Todos asociamos la energía verde con el respeto al medioambiente y desde luego, es un éxito de los defensores de las energías renovables haber conseguido este reconocimiento. Pero la energía verde supone eso y mucho más: vamos a verlo.

Su ventaja intrínseca, un recurso que se renueva constantemente en la naturaleza, es también fundamental. No olvidemos que muchos de los recursos de nuestro planeta, incluidos los energéticos, son finitos y por tanto debemos entender que aunque hoy sean relativamente abundantes debemos racionalizar su uso. Es por ello que una vez más, las renovables se hacen completamente necesarias por ser inagotables y por estar a disposición de todos, ricos y pobres sin importar su situación geográfica.

Esta última virtud de las renovables, la de estar disponible para todos y en todas partes es y será una de las claves de su desarrollo. Hoy, entre 1.500 y 2.000 millones de personas no tienen acceso a la electricidad.

La fotovoltaica especialmente podrá facilitar el acceso a la energía a todos esos habitantes de nuestro planeta que tienen el mismo derecho que nosotros de disfrutarla.

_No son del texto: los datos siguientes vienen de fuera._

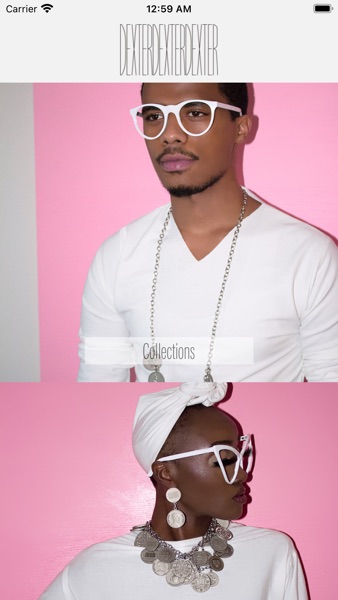 【图】DEXTERDEXTERDEXTER(截图1) 【图】DEXTERDEXTERDEXTER(截图1)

Podemos resaltar otra cualidad de las renovables enlazando con las virtudes anteriores, la generación distribuida. Es importante para abaratar los costes de los sistemas eléctricos tender redes eficientes, con pocas pérdidas y sostenibles. En países en desarrollo, no es posible tender redes caras de mantener y de construir, sin olvidar que muchas veces, la orografía del terreno impide hacer llegar la energía a núcleos rurales o de montaña por ejemplo.

Las energías limpias, incrementan la independencia energética de los países y por tanto, mejoran o compensan su déficit comercial y los libera de la influencia política y económica de países con recursos energéticos pero poco democráticos en ocasiones.

La energía verde como foco generador de empleo

Las ventajas que hemos enumerado hasta ahora, mezclan aspectos sociales, medioambientales y económicos y fundiendo los tres, podemos mencionar la generación de empleo, cinco veces mayor que la de las energías convencionales. Pero además, fijan población en núcleos rurales y sobre todo no contaminan. No olvidemos que desgraciadamente 15.000 personas mueren todos los años en España por enfermedades relacionadas con la contaminación.

Hay muchas otras virtudes, como su capacidad para abaratar el precio de la electricidad en el mercado mayorista por tener prioridad de entrada en la red y por expulsar de la subasta a las tecnologías más caras e ineficientes.

Como vemos, los argumentos desde todo punto de vista son poco discutibles y compensan con creces las ayudas en forma de primas que reciben para fomentar su desarrollo.